À quatre jours de la deuxième audience, les avocats de la Défense n’ont toujours pas accès au dossier d’instruction, crucial pour comprendre les éléments techniques à l’origine des accusations portées contre leurs clients. Cette situation met en lumière les obstacles persistants dans cette affaire, exacerbés depuis l’arrestation de Martin SAVOM, proche de Ferdinand Ngoh Ngoh.
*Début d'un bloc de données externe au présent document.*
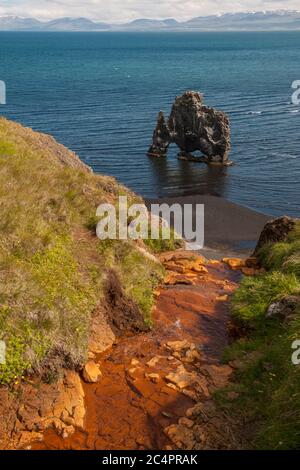 La maestosa catena di mare HvÃ­tserkur nel nord dell'Islanda Foto Stock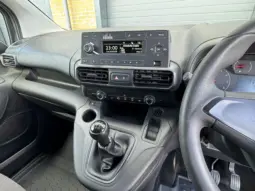 
VAUXHALL COMBO CARGO 2300 1.5D full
Le dossier d’instruction contient des éléments clés de l’enquête du juge d’instruction, notamment les raisons justifiant l’audition de Ferdinand Ngoh Ngoh. Cependant, le colonel JIOFACK semble s’opposer à la communication de ce dossier, allant jusqu’à menacer les magistrats militaires de conséquences sur leur carrière s’ils ne mettent pas fin à l’enquête.
Cette attitude soulève des questions sur les intentions de Ferdinand Ngoh Ngoh et de ses alliés, alors que la quête de justice pour Martinez ZOGO demeure entravée.